Patients don’t experience health care through workforce spreadsheets. We experience it through long waits, unanswered phones, closed panels and months between appointments.

You can call it a physician shortage, a workforce crisis or a system failure. But the reality is simple: In New Mexico, it is extraordinarily hard to get in to see a primary care clinician or a specialist, and for many people it has been that way for years.

That reality matters more than debates about how many doctors hold New Mexico licenses.

Licensure counts are a poor proxy for access. Many physicians maintain multiple state licenses. Some are retired. Some work in administration, industry, research or telehealth outside New Mexico. Some no longer see patients at all.

Prior workforce analyses in New Mexico have suggested that only about one-third of licensed primary care providers are actually engaged in regular, direct clinical care. If that is even approximately true, then raw license totals will dramatically overstate the care capacity in our state.

A more honest starting point is not “How many doctors do we license?” but:

How long does it take to get a new patient primary care appointment?

How long does it take to see a cardiologist, neurologist, psychiatrist or endocrinologist?

Which clinics are closed to new patients?

How far are rural patients traveling?

How many people give up and go to the emergency department because they can’t get outpatient care?

These are the measures patients and health care systems live with every day.

New Mexico is also a wonderful place to retire. By 2030, New Mexico is projected to have the fourth-highest proportion of seniors in the nation, trailing Florida by less than one percentage point. An older population appropriately uses more health care. That reality alone means our workforce must grow faster than population just to keep up — yet access continues to deteriorate.

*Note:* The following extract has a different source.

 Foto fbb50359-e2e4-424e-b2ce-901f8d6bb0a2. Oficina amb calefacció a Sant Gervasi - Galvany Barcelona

We should absolutely improve workforce data. We should track who is actively practicing, how many hours of patient care they deliver, and where. But we should not allow imperfect data to distract from what New Mexicans already know: The system is not meeting basic access needs.

The policy conversation should begin with this question: Why is it so hard to get timely care in New Mexico?

From there, we can examine recruitment, retention, malpractice environment, reimbursement, team-based staffing, telehealth compacts, training pipelines, rural sustainability and practice conditions. All of those matter. None of them alone will fix the problem.

But arguing over license counts while patients wait months for care misses the point.

If people can’t see a doctor when they are sick, pregnant or scared, then we have a workforce crisis — regardless of what any spreadsheet says.

Rohini McKee is the chief quality and safety officer and professor at University of New Mexico Hospital. She is also a member of the Albuquerque Journal Community Council.